そのうち口が痛くて開けられなくなってきた。
再び近医受診。炎症反応が高値ということで紹介。

頭痛は側頭部から後頭部。「触ると痛い・髪をとかすと痛い」
両肩の痛みもあり(本人は職業柄、年中痛いと言っているが)。 
微熱、食欲不振あり。

Laboでは慢性炎症パターンの貧血とESR>100mmを認める。
頚部のCTでは明らかな腫瘍や膿瘍は認めず。


気になるのが
 ①口が痛くて開けられない
 ②髪をとかすと痛い
 ③ESR>100mm

②を聞いた瞬間、徳田先生の鑑別診断のトップに側頭動脈炎TAが浮上。
さらに①はもしかしてjaw claudicationではないか?
③はTAにcompatibleだ。

ということで、TAがmost likelyとなりました。
ブランチ先生も同意見です。

この方、両肩の痛みもあり、PMR症状かもしれません。

現在、側頭動脈生検を待っています。


ここで、意見が分かれたのですが、
「TAが疑われるとき、ステロイドはいつ開始するか?」

 ①ただちに。
 ②生検後。

ブランチ先生は②派です。ワシントンマニュアルにもpromptlyに開始するとあります。
徳田先生やウチのその他のスタッフは、眼症状がないから待ってもよいのではないかと言ってます。


最後に<teaching point>
 ◆「髪をとかすと痛い」はTAの有名な症状。
 ◆jaw claudicationは、下顎を支配する動脈の炎症による虚血症状。
 ◆内頚動脈が侵されるとBruitが聞こえる(この方は聞こえました)。


ということで、興味深い回診でした。
なんの準備もなしに出てくる鑑別診断とteaching point。
さすが徳田先生です。

次回も楽しみです。

2008年3月9日日曜日

しばらく。
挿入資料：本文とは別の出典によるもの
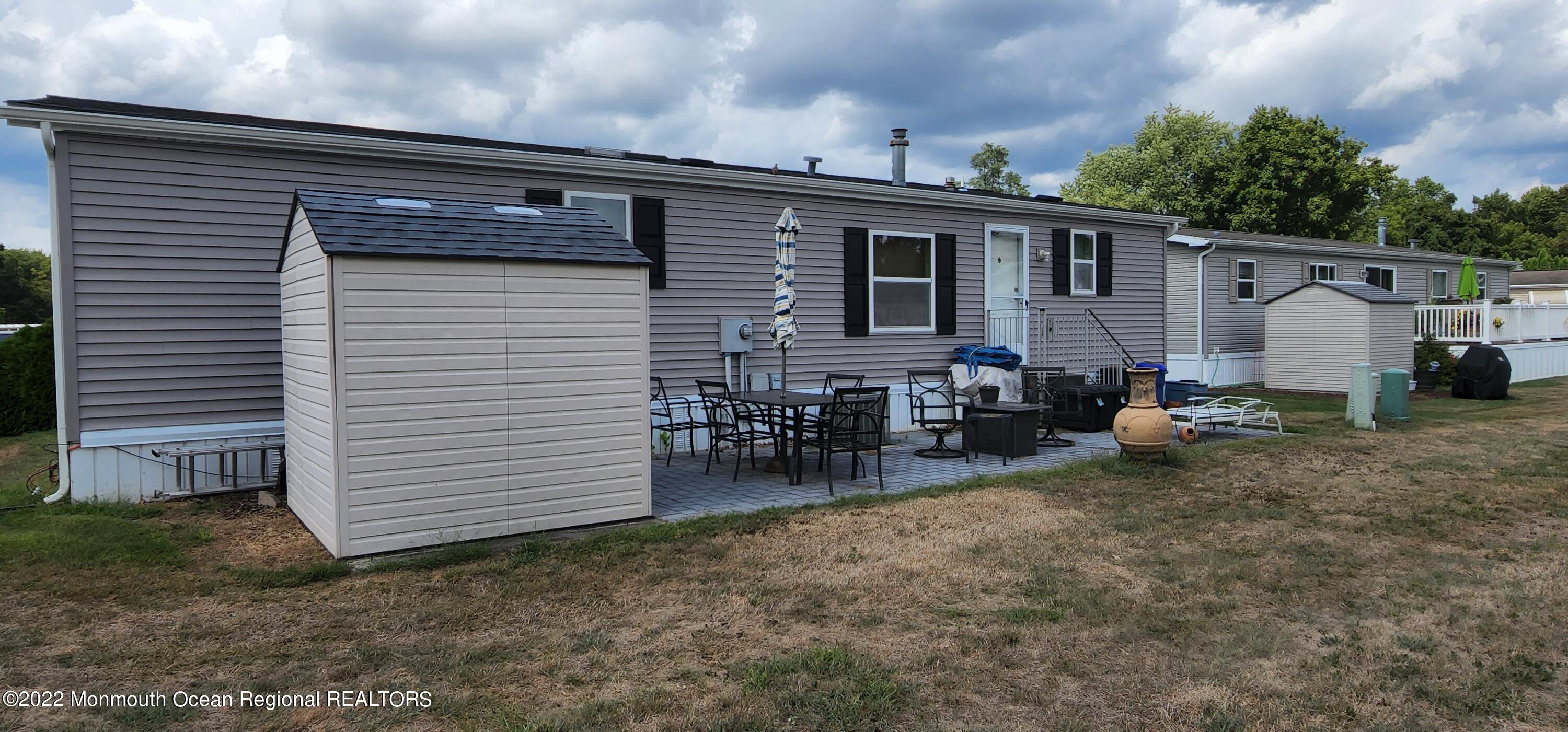 172 Farm Road Freehold, NJ 07728 - Photo 4 of 16 20220905_132136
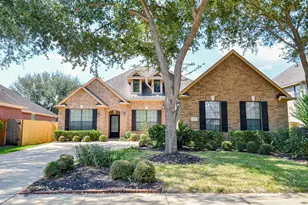 614 Coggins Point Way, Sugar Land, TX 77479 - Photo 3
。。

気が付いたら4ヶ月も更新してませんでした。
あまりにログインしていなかったため、パスワードも忘れてしまいました。。。



結局前回の結論は、髄膜炎性髄膜炎によるDICでした。
この症例にはティアニー先生、青木先生もびっくりでした。

そして、この髄膜炎菌は周りの人に感染するのです。
だからちょっとした騒ぎになりました。

予防として、セフトリアキソン・シプロフロキサシン・リファンピシンのいずれかを使用します。
我々、接触したスタッフ、そしてご家族の方にはシプロを内服してもらいました。


本人さんは元気になって退院しました。